About this task -
Write out the lines below exactly, beginning at the one with "Großhändler Zafa - Satin-Tanktop" and stopping after the one with "智能电视、Hulu、DVD 播放器、书"; the pictures are not copied.

Records supplied -

● ● ● ● ●

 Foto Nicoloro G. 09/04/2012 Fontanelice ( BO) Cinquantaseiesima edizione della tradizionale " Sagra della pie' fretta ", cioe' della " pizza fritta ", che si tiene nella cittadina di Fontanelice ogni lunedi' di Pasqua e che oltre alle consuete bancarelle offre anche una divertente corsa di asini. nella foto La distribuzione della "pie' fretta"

● ● ● ● ●

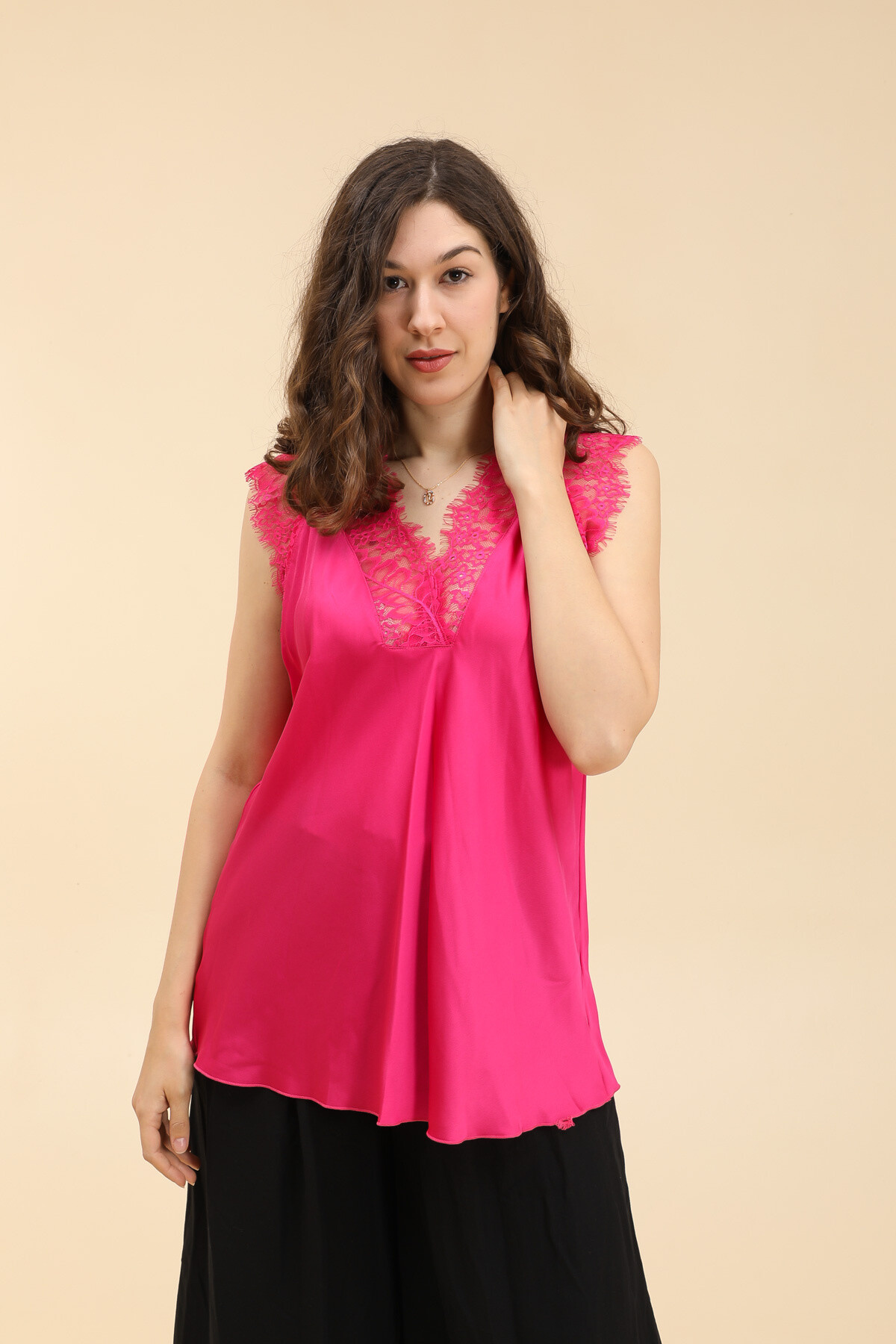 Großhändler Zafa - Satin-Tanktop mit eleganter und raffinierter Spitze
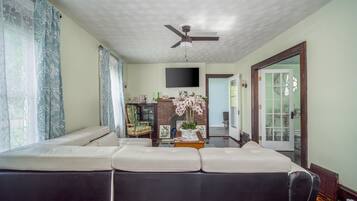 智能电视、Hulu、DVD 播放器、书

● ● ● ● ●

Task output -
 Großhändler Zafa - Satin-Tanktop mit eleganter und raffinierter Spitze
 智能电视、Hulu、DVD 播放器、书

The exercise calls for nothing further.